Return only the number of lines in the records below where the string "steel" shows up.

[Information provided]

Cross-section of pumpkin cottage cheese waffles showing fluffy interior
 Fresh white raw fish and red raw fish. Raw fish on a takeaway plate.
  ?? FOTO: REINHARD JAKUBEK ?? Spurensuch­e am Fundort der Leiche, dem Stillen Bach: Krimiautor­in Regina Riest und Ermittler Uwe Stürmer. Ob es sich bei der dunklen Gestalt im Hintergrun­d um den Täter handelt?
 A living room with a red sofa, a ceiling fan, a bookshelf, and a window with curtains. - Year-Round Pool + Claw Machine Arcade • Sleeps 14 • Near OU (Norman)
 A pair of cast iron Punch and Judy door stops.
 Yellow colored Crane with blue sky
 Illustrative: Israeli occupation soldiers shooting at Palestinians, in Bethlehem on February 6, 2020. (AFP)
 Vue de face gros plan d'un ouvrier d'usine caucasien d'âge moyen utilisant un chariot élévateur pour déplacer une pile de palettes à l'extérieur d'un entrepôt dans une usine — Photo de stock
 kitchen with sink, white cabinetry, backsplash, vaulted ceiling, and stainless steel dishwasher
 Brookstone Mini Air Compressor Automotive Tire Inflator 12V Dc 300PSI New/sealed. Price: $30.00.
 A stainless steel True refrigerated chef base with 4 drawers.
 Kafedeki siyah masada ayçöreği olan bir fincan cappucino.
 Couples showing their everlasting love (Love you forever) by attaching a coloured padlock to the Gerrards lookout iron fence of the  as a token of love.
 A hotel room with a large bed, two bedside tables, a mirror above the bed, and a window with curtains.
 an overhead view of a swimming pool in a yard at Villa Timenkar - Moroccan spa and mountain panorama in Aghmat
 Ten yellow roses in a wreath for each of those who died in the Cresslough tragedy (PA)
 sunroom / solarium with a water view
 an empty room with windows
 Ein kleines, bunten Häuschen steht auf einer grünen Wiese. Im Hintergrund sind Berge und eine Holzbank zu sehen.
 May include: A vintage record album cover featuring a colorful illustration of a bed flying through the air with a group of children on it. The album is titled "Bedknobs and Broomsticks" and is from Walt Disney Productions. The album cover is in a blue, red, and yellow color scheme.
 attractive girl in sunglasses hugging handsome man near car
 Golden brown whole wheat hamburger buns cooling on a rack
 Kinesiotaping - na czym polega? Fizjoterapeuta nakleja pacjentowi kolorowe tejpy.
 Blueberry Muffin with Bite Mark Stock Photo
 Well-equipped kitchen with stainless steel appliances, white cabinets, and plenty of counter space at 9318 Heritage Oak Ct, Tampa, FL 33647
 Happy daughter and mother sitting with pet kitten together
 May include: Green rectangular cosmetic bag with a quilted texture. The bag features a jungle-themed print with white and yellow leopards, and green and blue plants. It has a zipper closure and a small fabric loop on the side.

[/Information provided]

▸ **Answer for the task**
3